A refectory table is a highly elongated table used originally for dining in monasteries in Medieval times. In the Late Middle Ages the table gradually became a banqueting or feasting table in castles and other noble residences. The original table manufacture was by hand and created of oak or walnut; the design is based on a trestle-style. Typically the table legs are supported by circumferential stretchers positioned very low to the floor.

Usage examples of "refectory table".

And hadn't it begun just after he ran his finger down the page of one of the books that lay open on the refectory table in the Abbey of Warm Current?

Nannie Slagg had on a few occasions sat there, furtively knitting with her paper bag of wool on the long refectory table in the centre, and the high back of the carved chair towering over her.

And when Esther came out of her room for lunch there was a short interval of time when she and Jubal had the big refectory table practically to themselves, and he had a chance to talk to her.

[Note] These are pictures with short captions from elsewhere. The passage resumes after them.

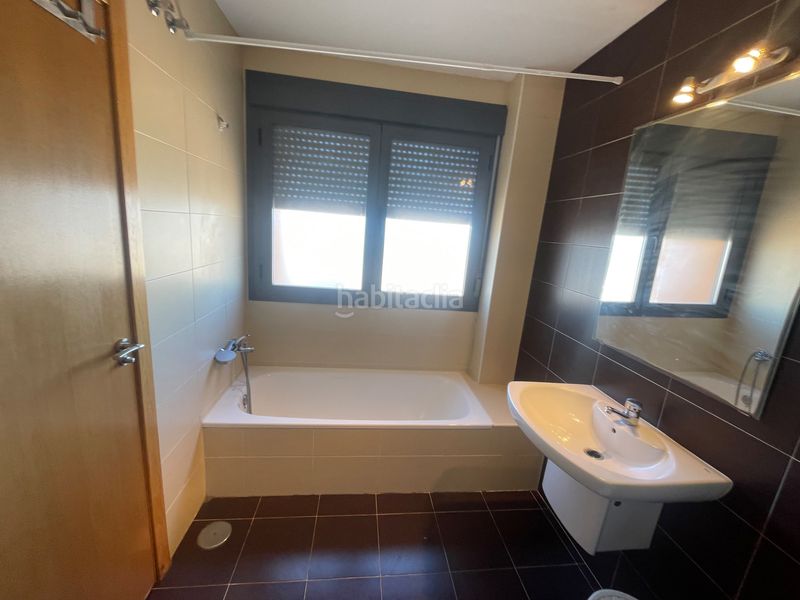 Foto 4aa3d339-74af-4e3c-b9ce-4ac86fd8abf5. Casa adossada amb aparcament a Almendralejo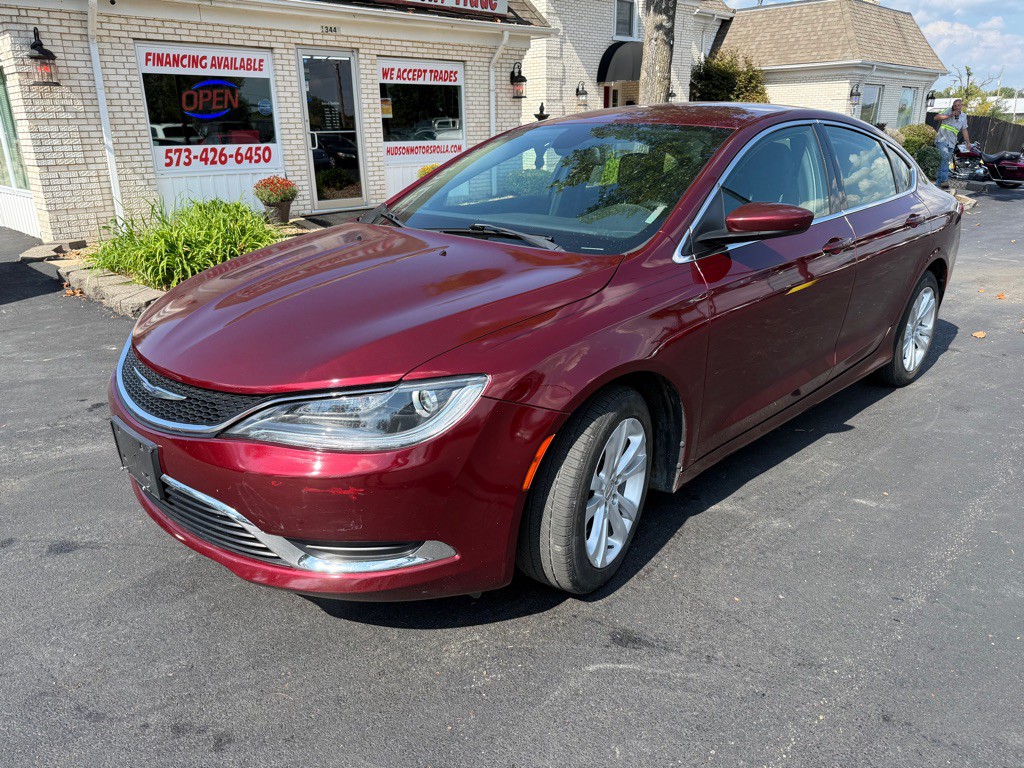 2016 Chrysler 200 Image 2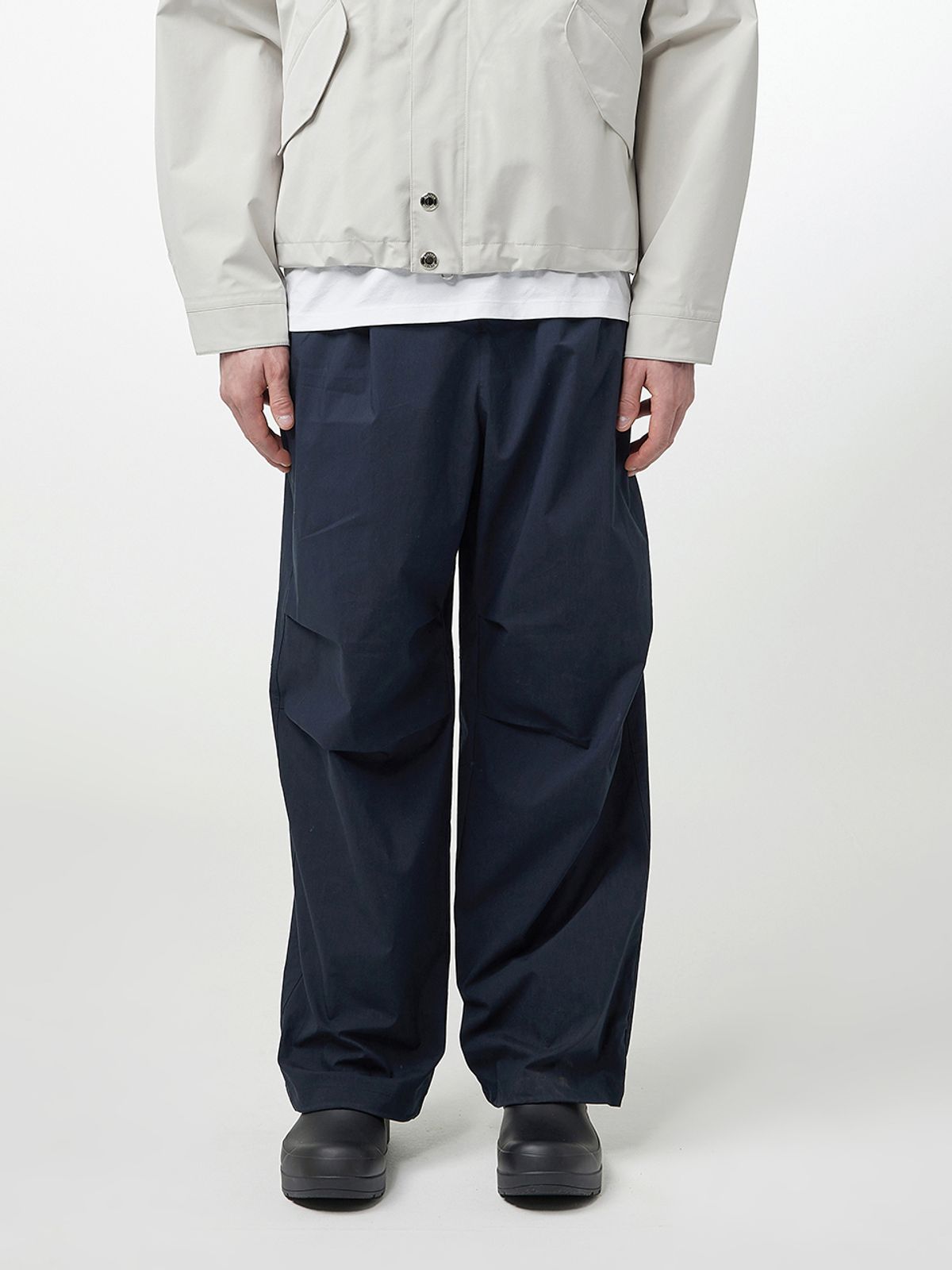 헌터(HUNTER) [MEN] 코튼 블렌드 파라슈트 팬츠 - 블랙 HEM0001APZBLK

She took him to her with an air of Christian charity, and he took her, there, openly, on the refectory table.

The long refectory table that spanned the length of the near wall was littered with fluted glass tubes, boxes, and cloth sacks of powders and pungent salts, as well as intricate structures of wood and metal from which depended retorts and phials and other unrecognizable containers.

The boy and girl were seated at the refectory table going over graphs and contracts.

He had not, until that moment, realised that he had a stool, and a large, solid stool, too, with a top to it as thick as a refectory table.

Skeleton stole away from whatever he had been doing at the back of the stage and took a chair fifteen feet from the hall door, to one side of the refectory table.